Hiburan Ringan Ada di Genggaman
Menonton film di bioskop memberi sensasi tersendiri yang tak tergantikan: ruang gelap, tata suara menggelegar, dan jadwal pemutaran yang ketat. Sementara menonton lewat jaringan internet (streaming) memunculkan kecanggihan teknologi, mulai dari rekomendasi judul sesuai kebiasaan, hingga melilbatkan penonton ke dalam alur cerita.
Black Mirror: Bandersnatch adalah film yang sedang diperboncangkan banyak orang sekarang ini. Film yang diproduksi dan ditayangkan di jaringan Netflix ini baru ditayangkan mulai 28 Desember silam. Bisa jadi, Bandersnatch adalah inovasi termutakhir di jagat perfilman masa kini.
Sejatinya layanan film streaming memungkinkan penontonnya untuk berinteraksi. Penonton bisa memilih film yang hendak disimak. Selain itu, penonton juga bisa menentukan penggunaan bahasa, baik audio maupun teks dialog (subtitle) sesuai keinginan. Penonton juga leluasa menentukan jeda (pause), dan melanjutkan lagi tanpa perlu mengingat di menit keberapa tayangan dihentikan. Semua sudah diatur sistem.
Nah, film Bandersnatch ini istimewa. Ia hendak mengikat interaksi penonton lebih jauh dari urusan tersistem itu. Film produksi Inggris ini memungkinkan penontonnya untuk menentukan sendiri alur ceritanya.
Sepanjang film, kita disodori berbagai pilihan. Setiap pilihan mengandung konsekuensi masing-masing, yang berdampak pada jalinan cerita. Serunya lagi, kita cuma punya waktu sepuluh detik untuk menentukan pilihan. Jadi, seperti yang sudah diperingatkan di awal film, jangan jauhkan remote control dari jangkauan.

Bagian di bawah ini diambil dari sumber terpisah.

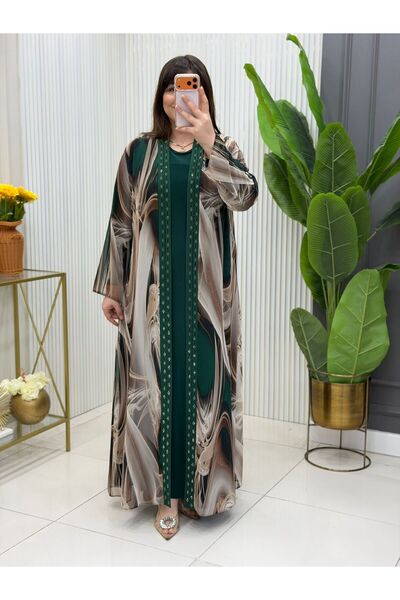 GK Plus Size Dress Sandy Chiffon Stone Printed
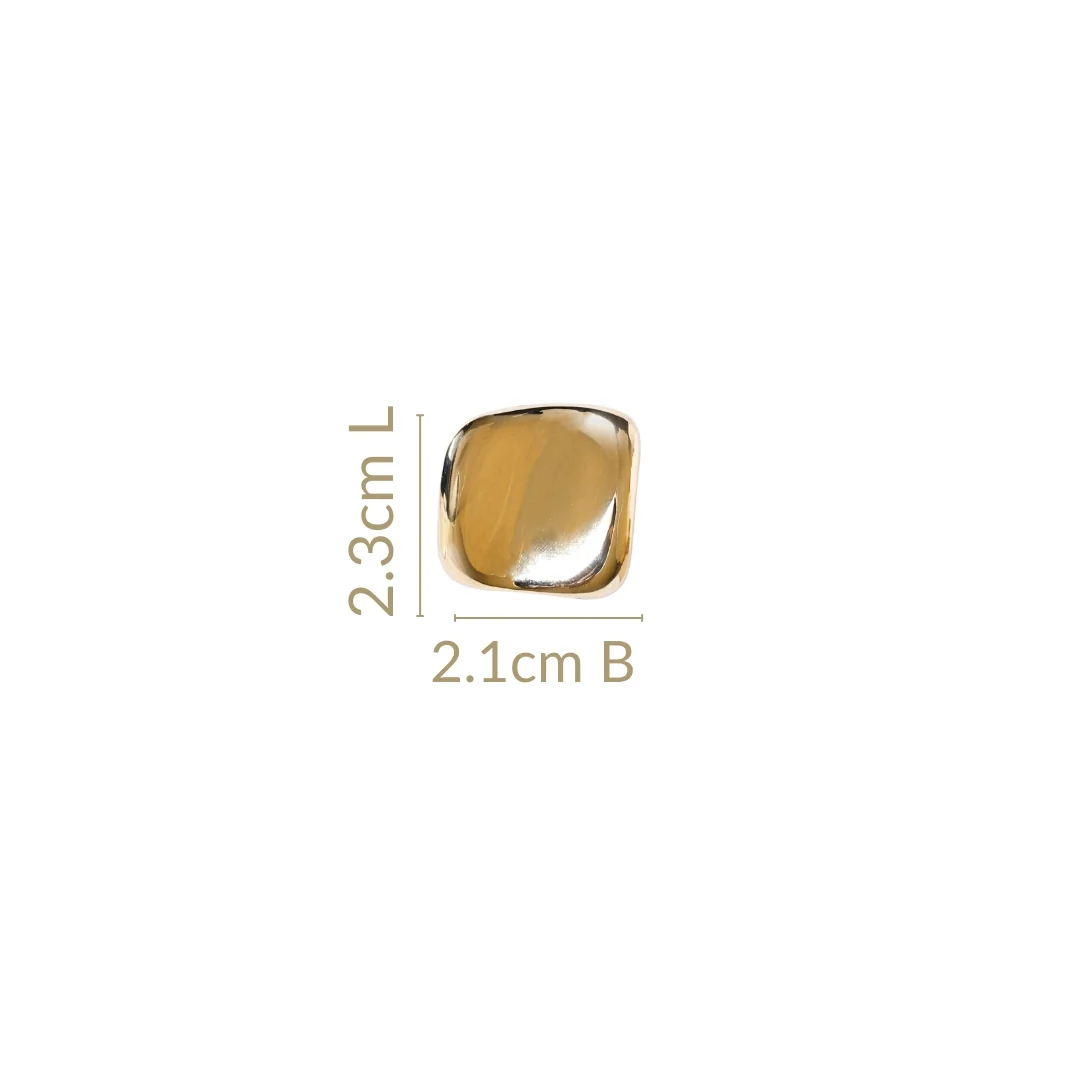Contemporary Hammered Gold Toned Studs - Image 3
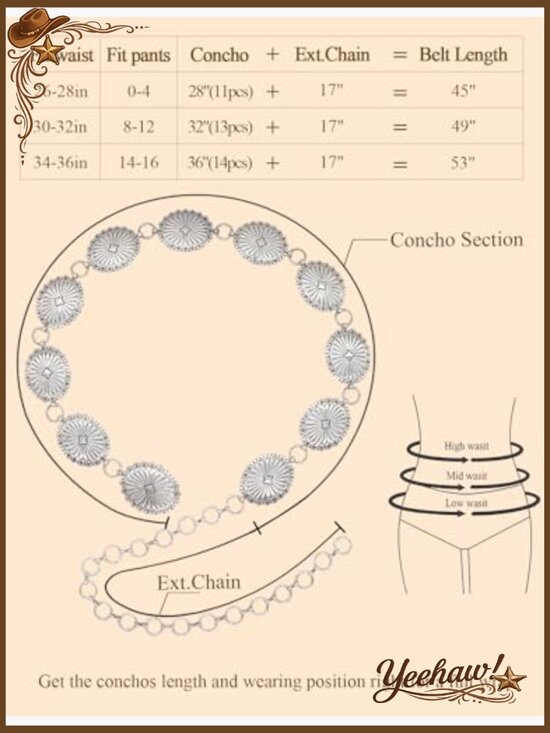 Western Metal Concho Belt for Women Cowgirl Chain Belt for Dresses Jeans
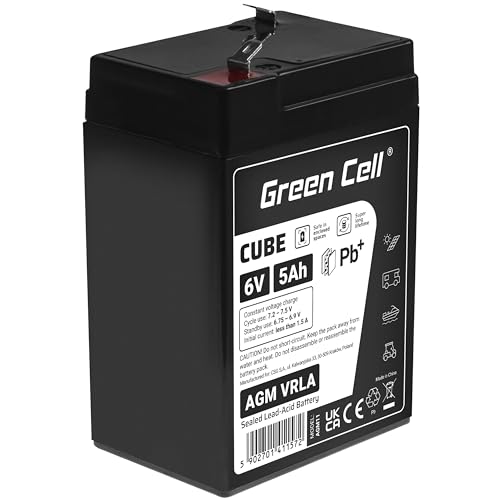 Green Cell AGM 6V 5Ah Akku VRLA Blei-Batterie Bleiakku Ersatzakku Gelakku Akkubatterie Zyklenfest Unbemannt Spielzeug | Elektro Spielzeug| Alarm | Notstrom | Kinderfahrzeuge| Kinder-Quad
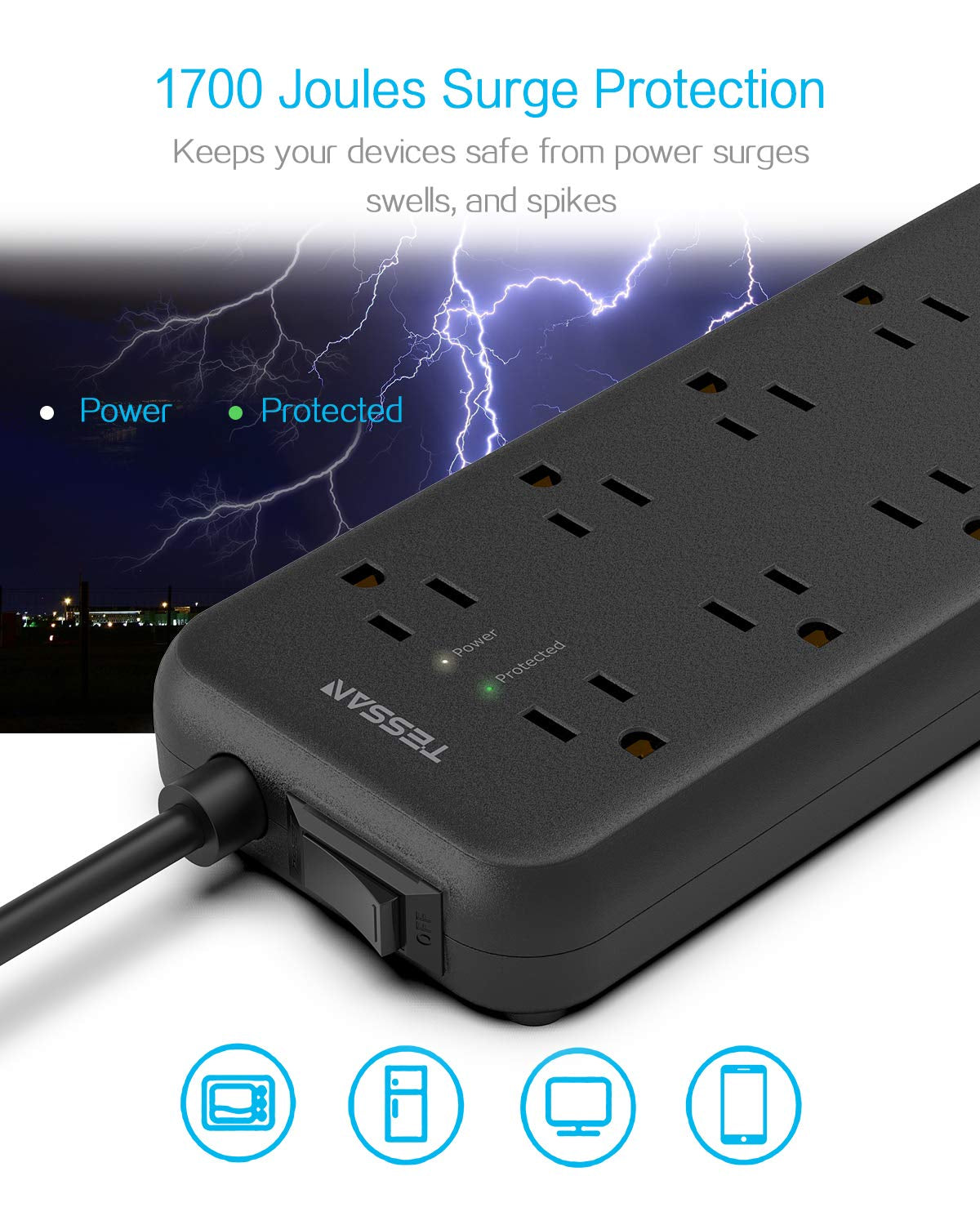 Surge Protector Power Strip,  8 Outlets and 3 USB Ports 5Ft Long Extension Cord Flat Plug, 1875W/15A, 1700 Joules, Wall Mountable for Home, Office, School and Dorm Room Essentials, Black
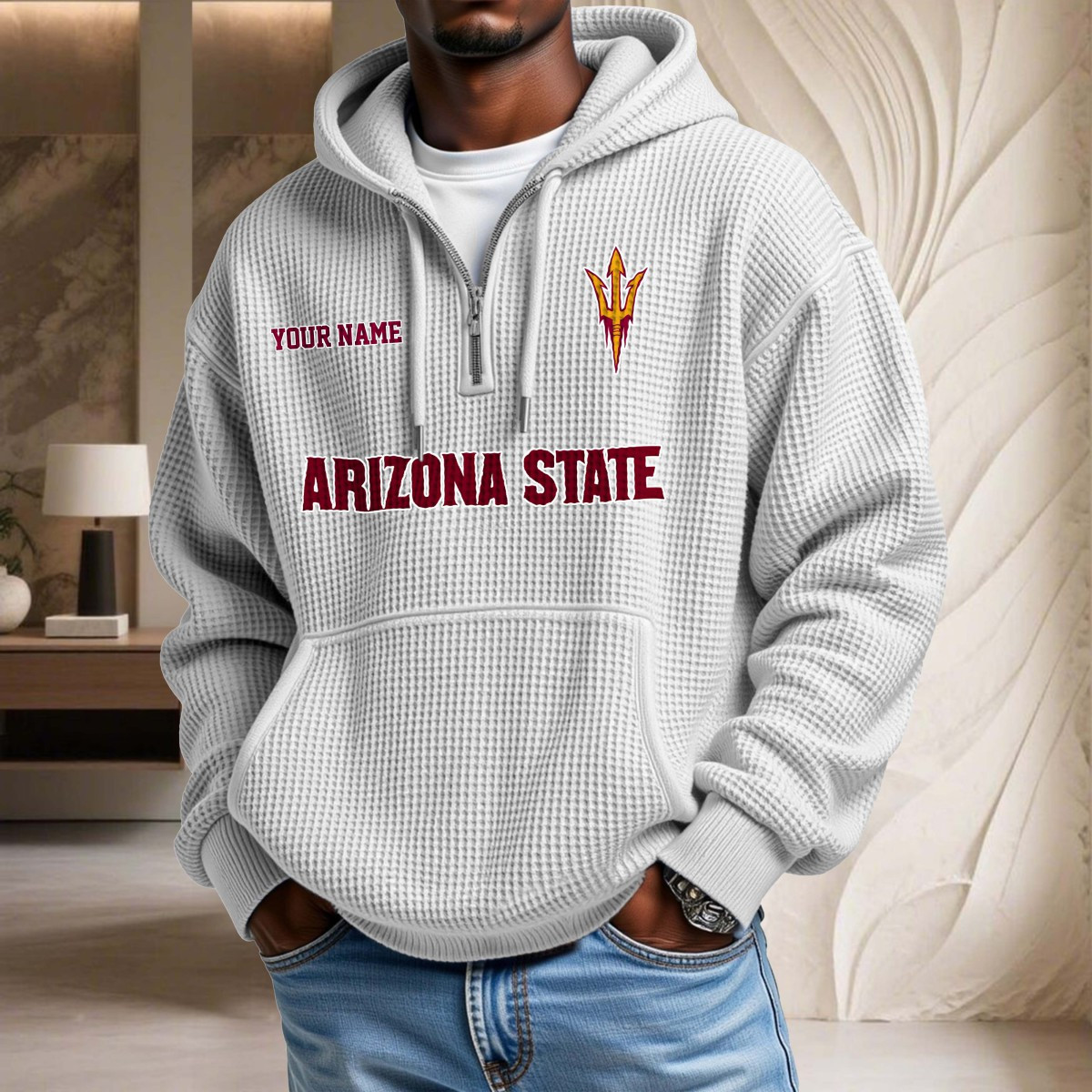 Sweat à capuche en maille gaufrée Arizona State Sun Devils – Image 3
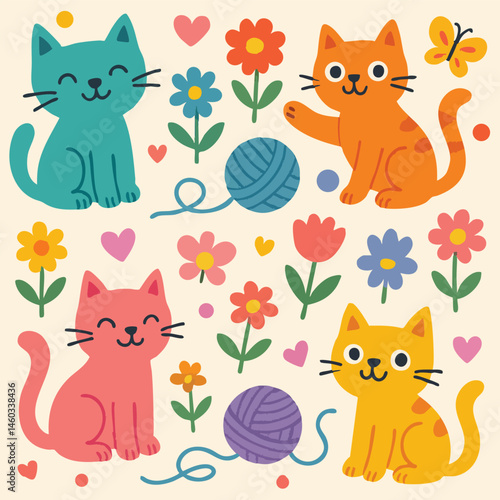 Cute Cuddly Cats Print Design in Vector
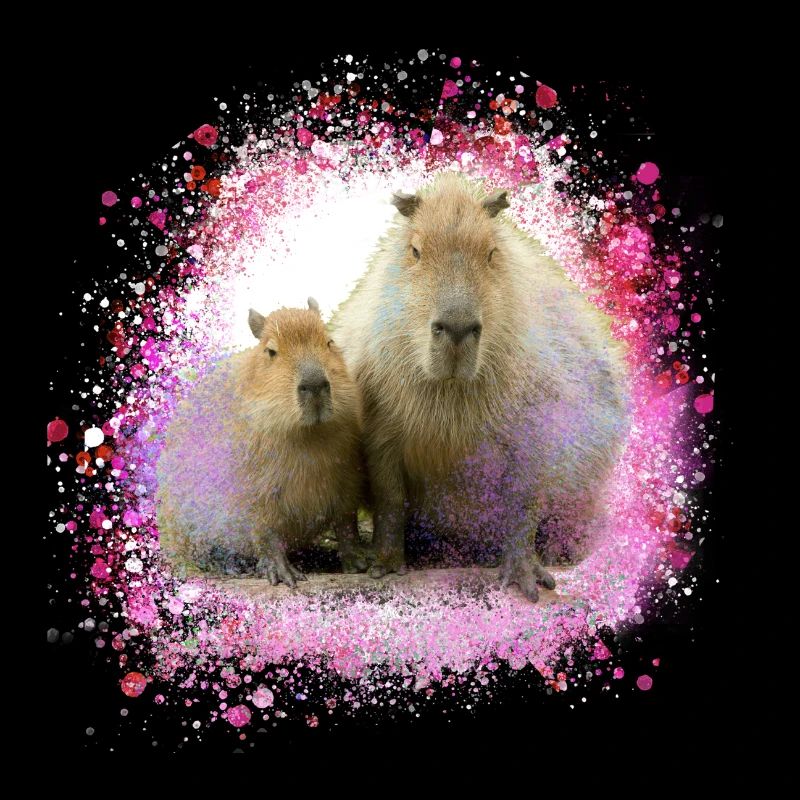 capybara,schwein,graffiti,wasserschwein,mutter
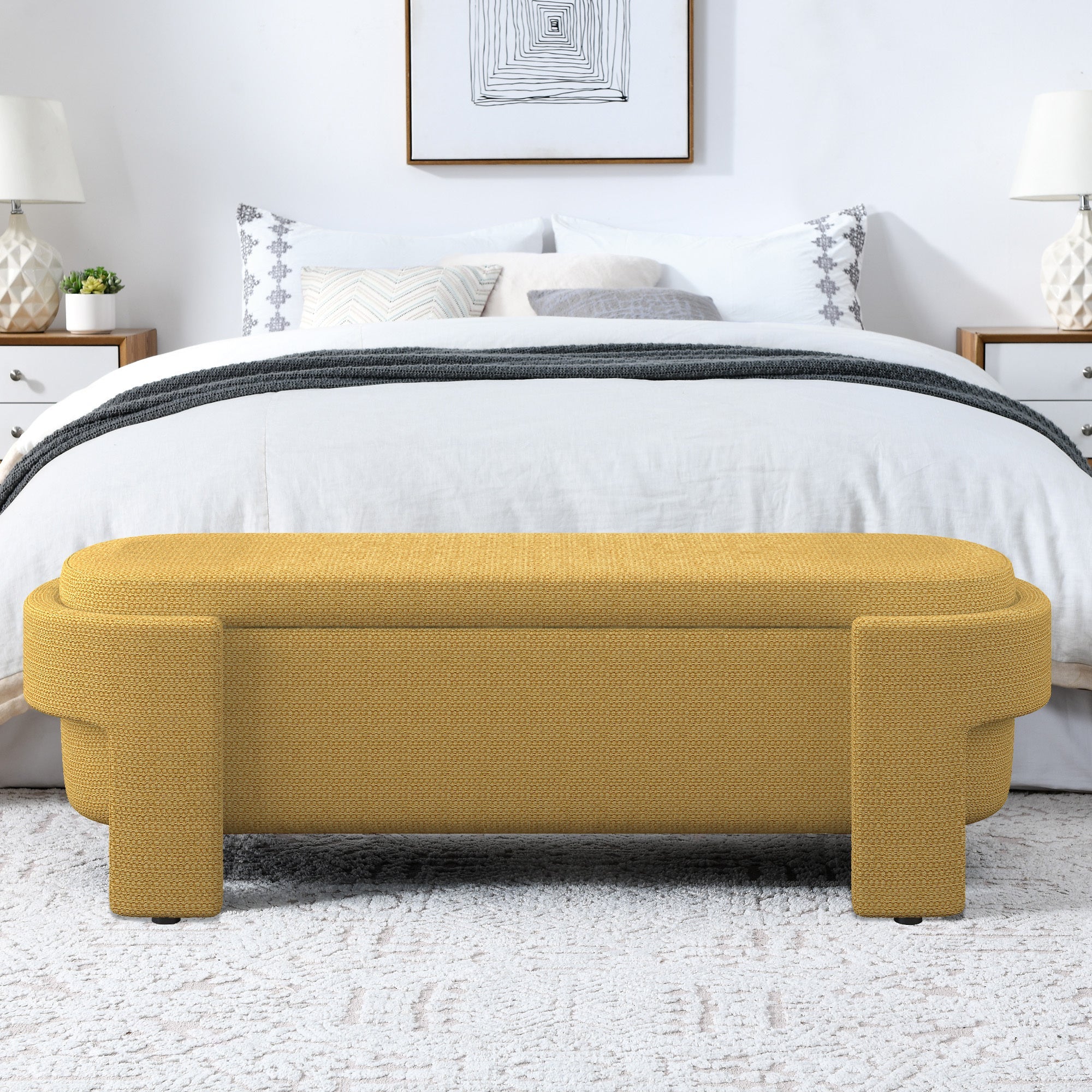 Banco tapizado de lino con gran espacio de almacenamiento para sala o dormitorio – Diseño moderno y elegante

Beberapa pilihannya terkesan remeh-temeh, dan seolah nggak terlalu penting untuk terlalu dipikirkan. Seperti di menit-menit awal film, penonton diminta menentukan kaset apa yang sebaiknya diputar di Walkman Stefan si tokoh utama. Pilihan kaset itu akan jadi obrolan pada menit-menit berikutnya.
Metode seperti itu mengingatkan kita pada beberapa buku cerita tentukan-sendiri-petualanganmu. Penulis Intan Paramadita pernah memakai cara ini dalam novel teranyarnya Gentayangan: Pilih Sendiri Petualangan Sepatu Merahmu (2017). Sejumlah gim video juga memakai cara ini.
Cara interaktif seperti itu boleh saja dianggap sebagai bumbu untuk menarik minat penonton. Tapi, kalau dipikir-pikir, metode interaktif ini sebenarnya sejalan dengan cerita filmnya.
Bikin frustasi
Stefan, diperankan Fionn Whitehead, adalah seorang programmer pengembang gim video. Berlatar tahun 1984, Stefan sedang menyusun permainan terbarunya yang diadaptasi dari buku bermetode pilih-sendiri-petualanganmu berjudul Bandersnatch. Proposal proyek itu diterima oleh perusahaan pengembang gim Tuckersoft yang dikepalai Mohan Thakur (Asim Chaudry).
Di perusahaan itu pula, Stefan bertemu dengan programmer idolanya, Colin Ritman (Will Puolter). Alih-alih bekerja di kantor Tuckersoft, Stefan yang penyendiri, memilih mengerjakan proyek itu di rumah yang ia tinggali bersama ayahnya. Di sinilah konflik itu dimulai.
Semakin tekun Stefan mengerjakan proyeknya, dia terlarut di dalamnya. Dia terjebak dalam pusaran pikiran yang ia ciptakan sendiri di kepalanya. Ditambah lagi, Stefan punya trauma masa kecil dengan sang ayah. Dia punya isu kesehatan mental.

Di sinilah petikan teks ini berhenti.